In a win for giraffes, a new measure under the Convention on International Trade in Endangered Species (Cites) seeks to regulate the trade of the world’s tallest mammal and their body parts.
Despite some opposition, 106 countries voted in favor of the motion and countries will now need to record the export of giraffe parts and artefacts. Permits will also be compulsory for giraffe trade.
The UK-based Animal Survival International (formerly Political Animal Lobby), said the move will play a crucial role in conserving the giraffe population, which has declined by about 40% over the past 30 years.
“This is a step in the right direction and in Africa particularly, it’s a measure that is needed, given that poaching is out of control,” said ASI campaigner Andrea Matthee.

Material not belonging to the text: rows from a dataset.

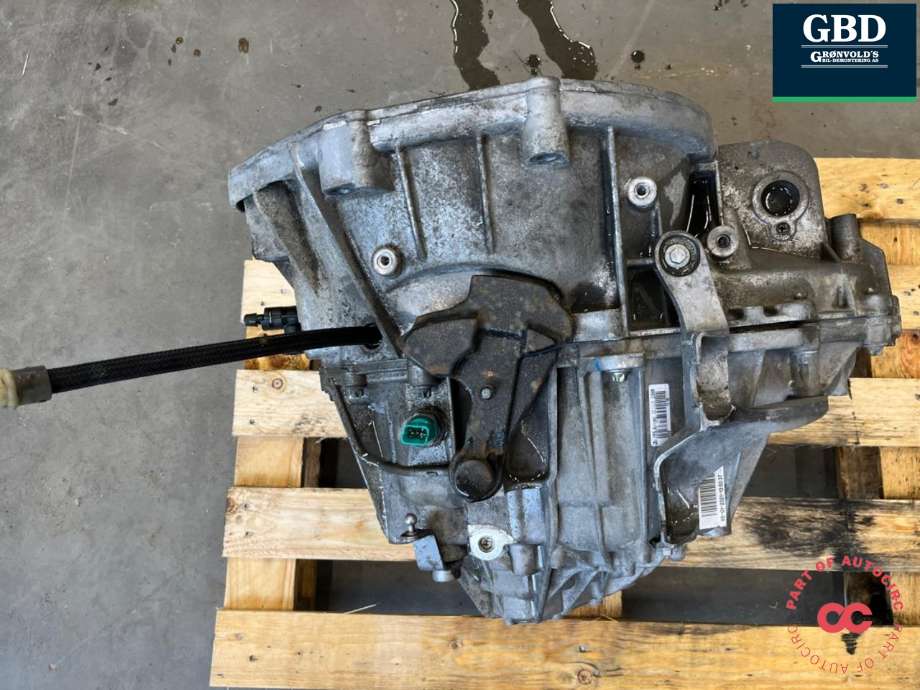 Girkasse manuell 6-trinn til Renault Trafic 2014-->>  (8201748367|PF6-S-068|320104387R)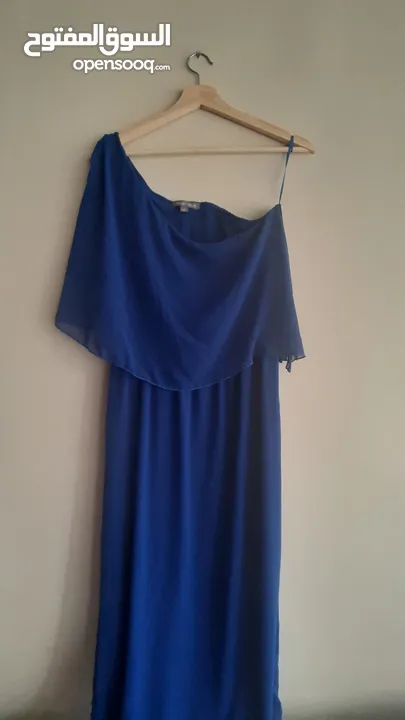 فستان طويل أزرق نيلي غامق one shoulder مقاس M مستعمل في حالة جيدة جداً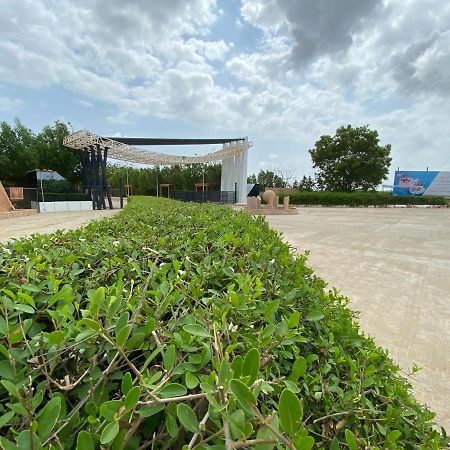 City The Village Beach Resort Laeja Exterior foto
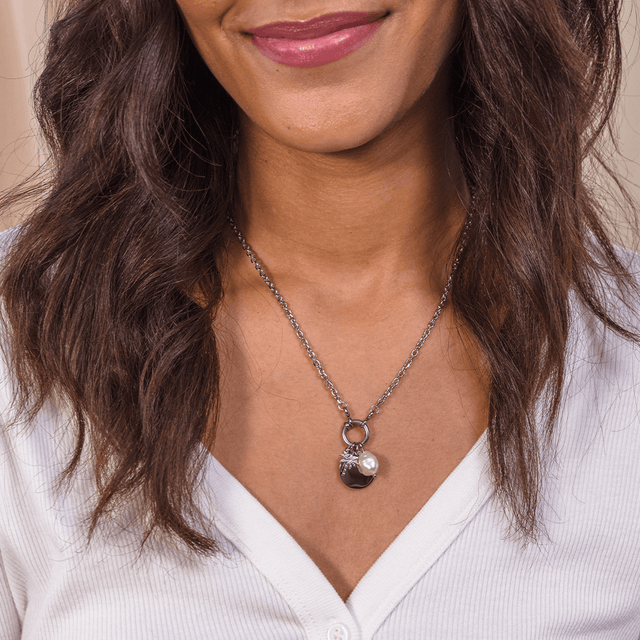 PURELEI Plate Charm aus nickelfreiem Edelstahl in Silber, schlicht und zeitlos am Hals getragen.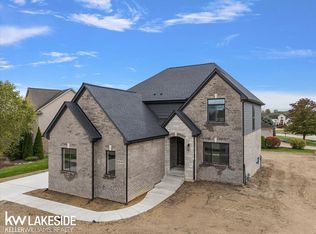 14880 Canary Dr, Shelby Township, MI 48315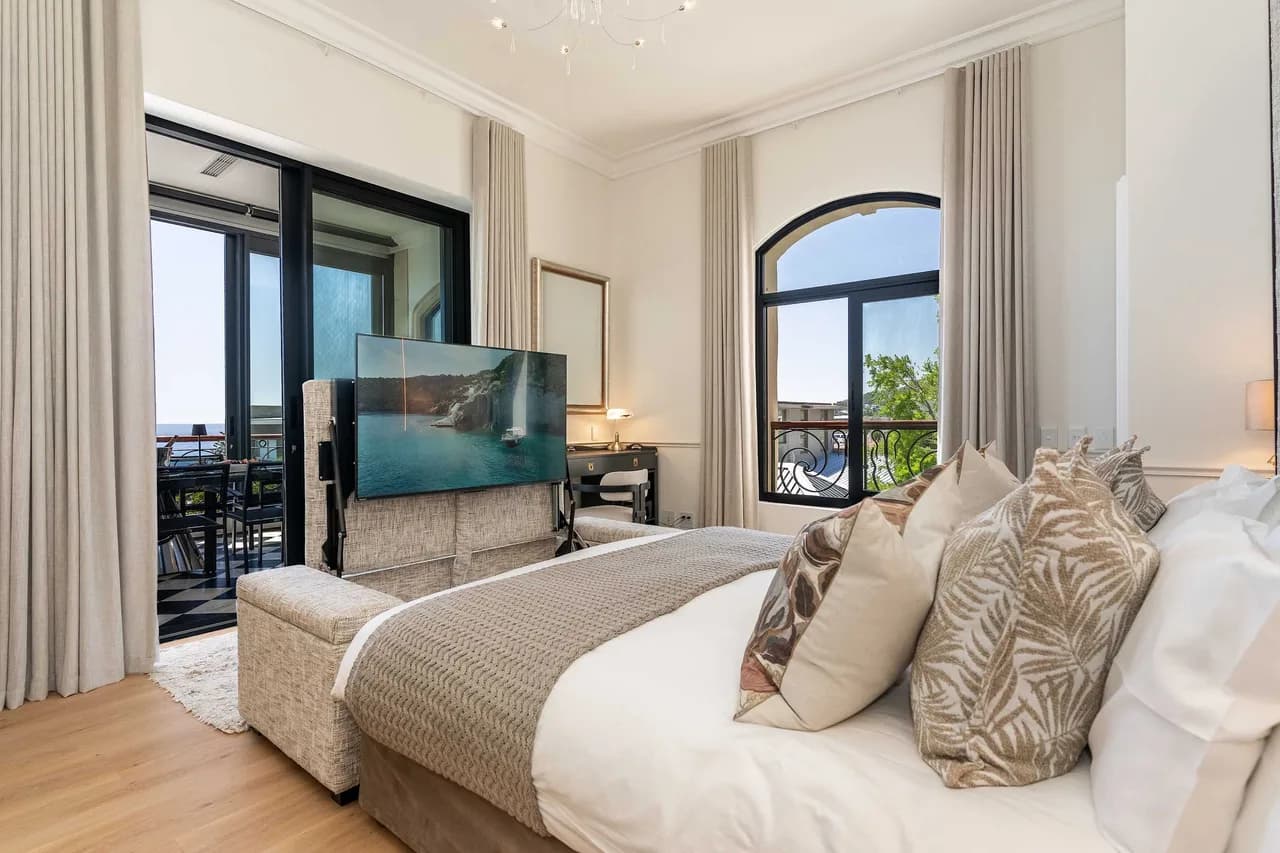Heated Splash Pool Villa in Camps Bay, Foto 3
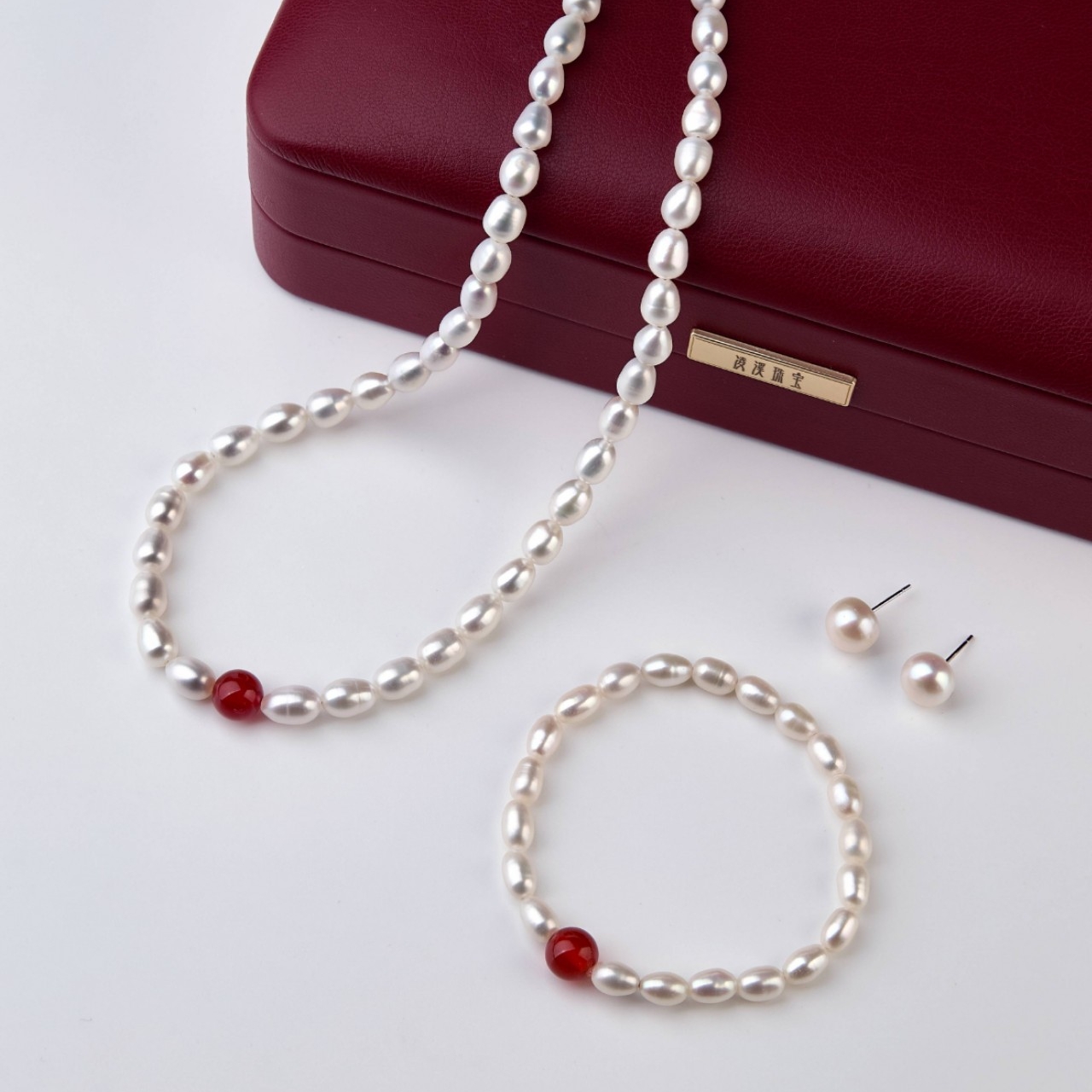 凌溪珠宝 | 红运当头珍珠套组本命年诸暨淡水珠送礼首选富贵平安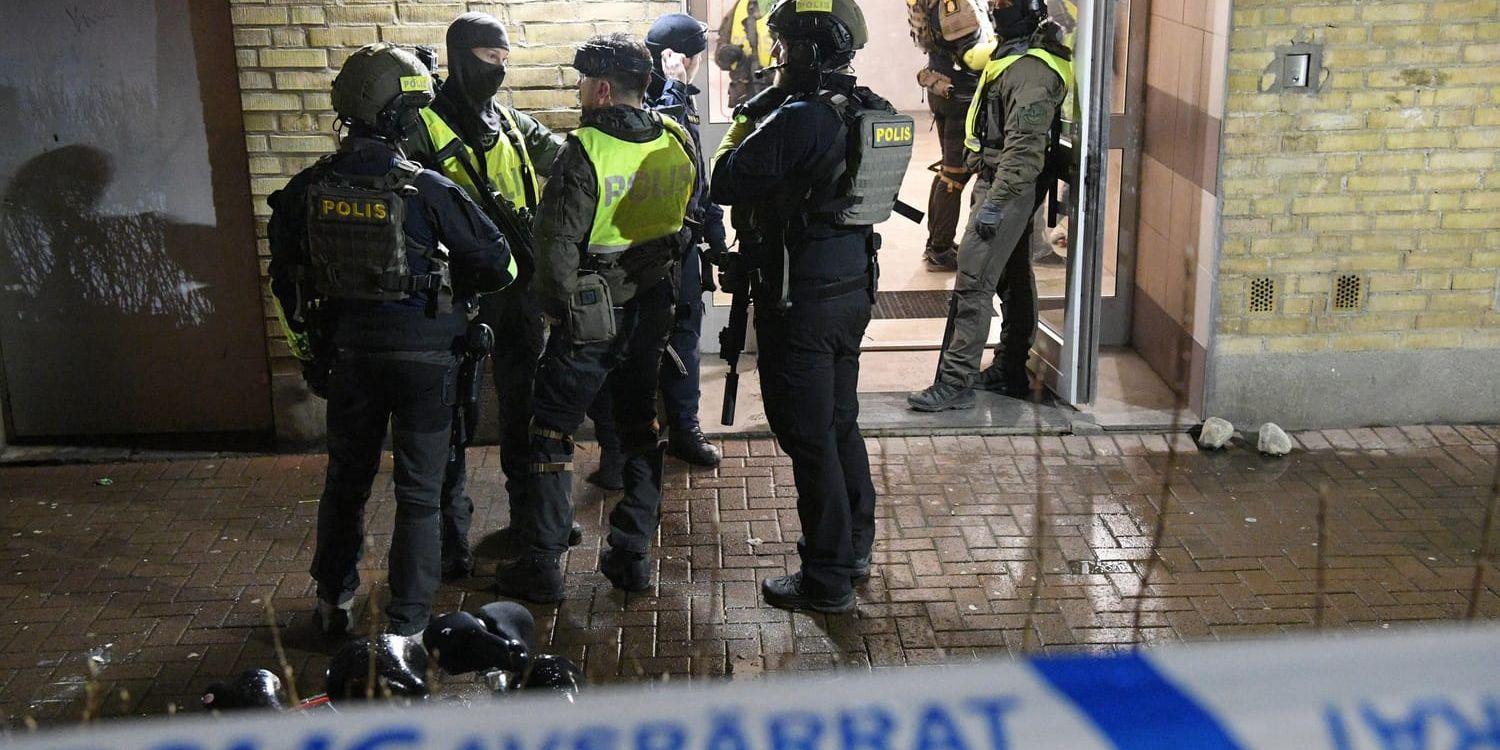En man sköts ihjäl i stadsdelen Hermodsdal i Malmö på fredagskvällen.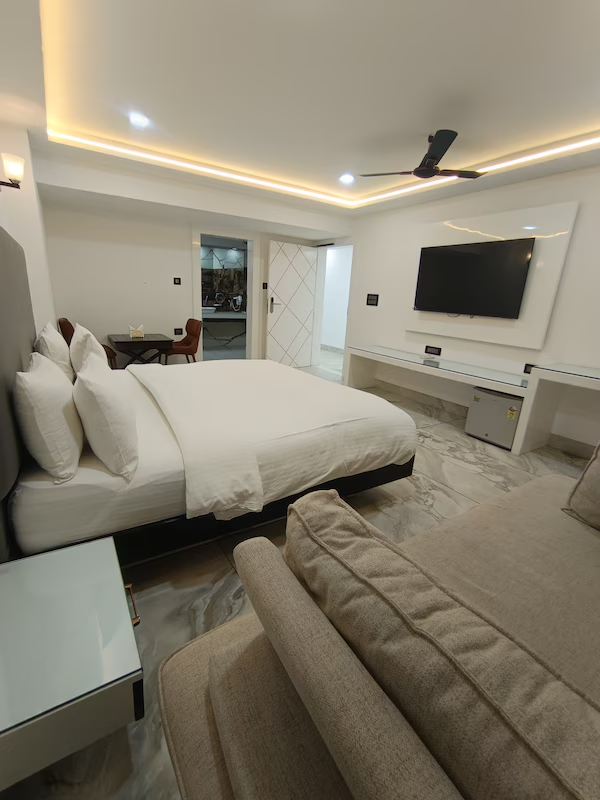 HOTEL MAHARAJA PALACE ROHTAK Delux Room 3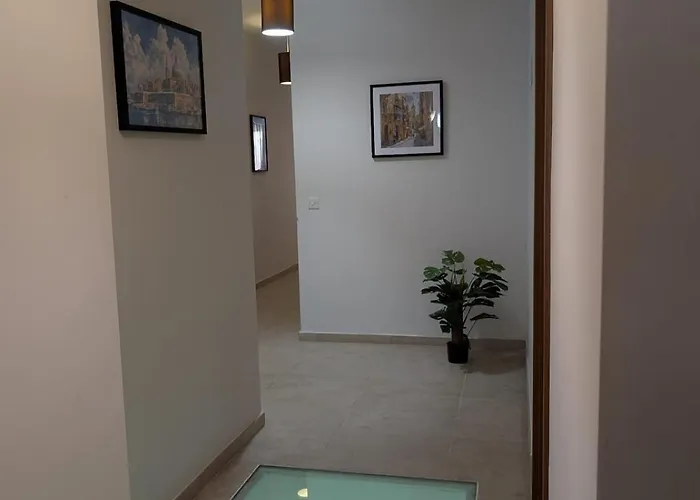 Modern 3br - Short Walk To Sea & Shops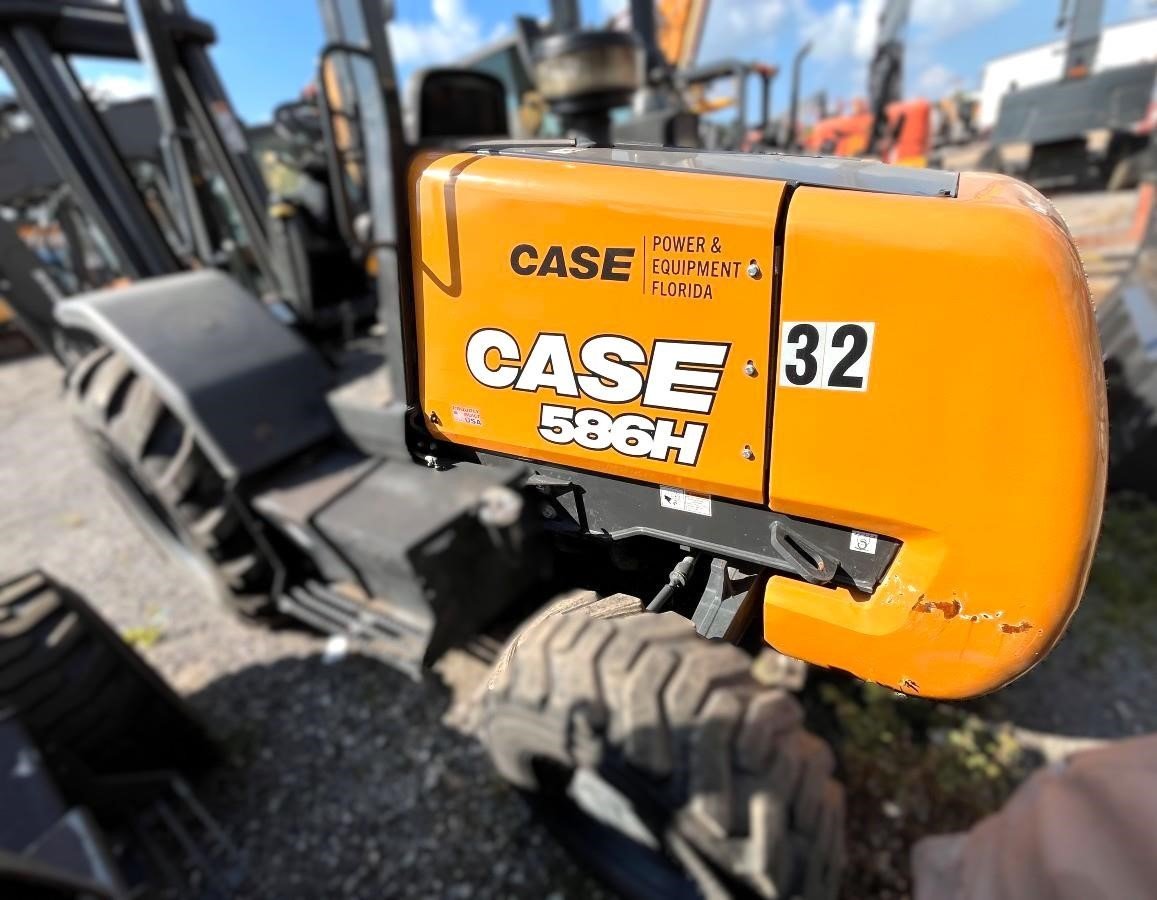 Photo of a 2023 Case 586H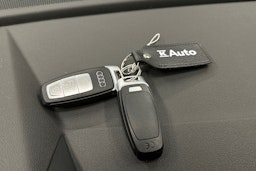 valkoinen Audi A3 2021 kuva 24.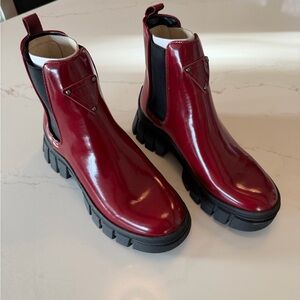 Guess Women's Glossy Burgundy Ankle Booties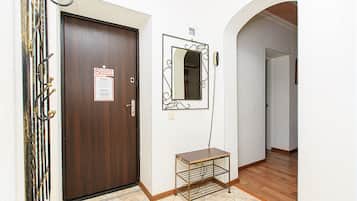Apartamento, 1 quarto | Quartos à prova de som, ferros/tábuas de passar roupa, Wi-Fi de cortesia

“However, we will be keeping a close eye on how this will be rolled out and implemented by governments. When it comes to animal welfare, we often note that legislation does not always equate to implementation.”
Matthee said it was important that there be harsh consequences for the illegal trade of giraffes or their body parts.
“We need to see authorities set an example for those who fail to comply to this regulation. If illegal traders get a slap on the wrist, then the motion would mean nothing. We need to see harsh consequences being meted out,” she said.
The Giraffe Conservation Foundation states that in the 1980s, the total number of giraffes in Africa was estimated at 155,000. Today, the foundation estimates the giraffe population to be 111,000. It said giraffes were already extinct in at least seven countries in Africa.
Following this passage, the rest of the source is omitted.